Je crois que plus le temps passe, moins je vois possible cette stratégie. Le changement que pouvait apporter une stratégie issue d’un rassemblement type union de la gauche pour une démocratie avancée, me semble impossible dans les conditions institutionnelles de notre pays.
La monté des contradictions dans l’Europe capitalistes et entre puissances impérialistes, risque bien de nous entraîner vers une période de guerre et de répressions intenses. C’est pourquoi l’Ukraine est un théâtre qui ne se limite pas au bruit et à la fureur shakespearienne. Il se rapproche de plus en plus d’un drame de type orwellien où les souffleurs appartiennent à la police de la pensée. Aussi est-ce la raison pour laquelle je crois que le "Défi démocratique", s’il est un livre à relire pour comprendre ce qui aurait pu fonctionner mais qui a dysfonctionné il y a trente ans, n’est pas un livre a réécrire...
Je me rappelle trop Fiterman (le porte plume du "Défi démocratique") qui déclarait avec une conviction tranquille que l’impérialisme était une phase dépassée parce que nous entrions dans un monde où la force de la politique prenait le pas sur la politique de la force. Je pense que cette disposition d’esprit qui nous vient de Gorbatchev n’a pas fini de nous nuire parce qu’elle est toujours en cours dans la direction du parti. Elle est celle qui domine dans le PGE ».

Interview de Georges Marchais sur le "Défi démocratique"
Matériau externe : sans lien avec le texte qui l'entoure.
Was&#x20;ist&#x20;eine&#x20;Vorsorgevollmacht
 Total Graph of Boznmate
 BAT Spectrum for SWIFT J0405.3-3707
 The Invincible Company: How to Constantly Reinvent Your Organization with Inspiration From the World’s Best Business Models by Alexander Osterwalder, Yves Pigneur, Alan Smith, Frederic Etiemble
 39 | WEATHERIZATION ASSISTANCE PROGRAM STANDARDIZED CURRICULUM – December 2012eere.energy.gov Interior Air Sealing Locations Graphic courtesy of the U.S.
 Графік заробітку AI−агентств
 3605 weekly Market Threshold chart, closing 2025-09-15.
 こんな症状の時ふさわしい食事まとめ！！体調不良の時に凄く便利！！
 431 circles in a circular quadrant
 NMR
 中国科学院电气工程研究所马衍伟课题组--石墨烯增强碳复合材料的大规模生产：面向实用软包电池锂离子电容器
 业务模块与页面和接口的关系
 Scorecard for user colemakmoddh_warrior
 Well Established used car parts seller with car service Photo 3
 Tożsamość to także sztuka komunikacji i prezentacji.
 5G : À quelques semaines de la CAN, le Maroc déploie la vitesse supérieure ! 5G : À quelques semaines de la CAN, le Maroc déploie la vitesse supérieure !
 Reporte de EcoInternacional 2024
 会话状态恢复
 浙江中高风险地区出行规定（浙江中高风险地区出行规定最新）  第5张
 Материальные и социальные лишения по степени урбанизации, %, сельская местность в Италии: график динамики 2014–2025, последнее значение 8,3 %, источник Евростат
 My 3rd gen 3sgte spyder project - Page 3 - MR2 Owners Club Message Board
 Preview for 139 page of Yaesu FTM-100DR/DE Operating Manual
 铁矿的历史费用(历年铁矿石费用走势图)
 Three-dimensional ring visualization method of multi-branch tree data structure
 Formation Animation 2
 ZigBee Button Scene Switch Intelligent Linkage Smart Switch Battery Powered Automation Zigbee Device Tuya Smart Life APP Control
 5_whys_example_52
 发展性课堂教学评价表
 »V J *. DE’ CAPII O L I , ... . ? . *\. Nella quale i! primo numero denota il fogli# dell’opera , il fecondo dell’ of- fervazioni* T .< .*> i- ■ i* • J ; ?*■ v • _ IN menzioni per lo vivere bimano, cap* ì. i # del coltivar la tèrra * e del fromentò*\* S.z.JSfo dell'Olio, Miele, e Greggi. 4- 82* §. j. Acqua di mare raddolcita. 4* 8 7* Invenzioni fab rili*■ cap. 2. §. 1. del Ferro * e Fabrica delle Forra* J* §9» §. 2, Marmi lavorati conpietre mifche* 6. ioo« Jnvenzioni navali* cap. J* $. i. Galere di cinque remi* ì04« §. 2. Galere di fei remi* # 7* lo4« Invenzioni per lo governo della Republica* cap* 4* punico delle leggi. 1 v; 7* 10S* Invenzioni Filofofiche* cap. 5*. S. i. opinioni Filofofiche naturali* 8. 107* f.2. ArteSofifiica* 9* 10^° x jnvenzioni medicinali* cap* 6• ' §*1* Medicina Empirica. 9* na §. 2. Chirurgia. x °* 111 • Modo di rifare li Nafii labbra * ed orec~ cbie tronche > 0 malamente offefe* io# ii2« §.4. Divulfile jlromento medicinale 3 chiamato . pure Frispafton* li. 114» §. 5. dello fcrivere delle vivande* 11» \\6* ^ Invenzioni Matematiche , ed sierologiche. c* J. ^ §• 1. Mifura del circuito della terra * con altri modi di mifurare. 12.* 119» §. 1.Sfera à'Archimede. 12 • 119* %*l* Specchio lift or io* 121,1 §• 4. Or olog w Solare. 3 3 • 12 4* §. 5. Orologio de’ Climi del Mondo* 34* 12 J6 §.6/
« A l’occasion de la sortie du livre le "Défi démocratique" en septembre 1973, Georges Marchais est interviewé en compagnie de Mireille Bertrand. Au cours de cet interview, Georges Marchais répond aux questions du journaliste Marcel Trillat et explique la nécessité du défi démocratique, sa complémentarité avec le programme commun cosigné avec les socialistes et les radicaux de gauche. Selon Georges Marchais, le défi démocratique annonce la mise en place de la société socialiste de demain et la manière d’y parvenir. L’essentiel des réponses est donné par
le premier secrétaire du Parti communiste, Mireille Bertrand intervient de manière plus brève et non systématique.
Contexte Historique : en 1972, la droite est au pouvoir, Georges Pompidou est président de la République, les communistes signent alors avec le parti socialiste et les radicaux de gauche un Programme commun de gouvernement. En septembre 1973, Georges Marchais alors premier secrétaire du Parti communiste, fait paraître un livre intitulé le "Défi démocratique". A l’occasion de la sortie de ce dernier, il est interviewé en compagnie de Mireille Bertrand. Au cours de cette interview Georges Marchais explique la nécessité du défi démocratique, sa complémentarité avec le programme commun ».
(http://www.cinearchives.org/Films-447-293-0-0.html)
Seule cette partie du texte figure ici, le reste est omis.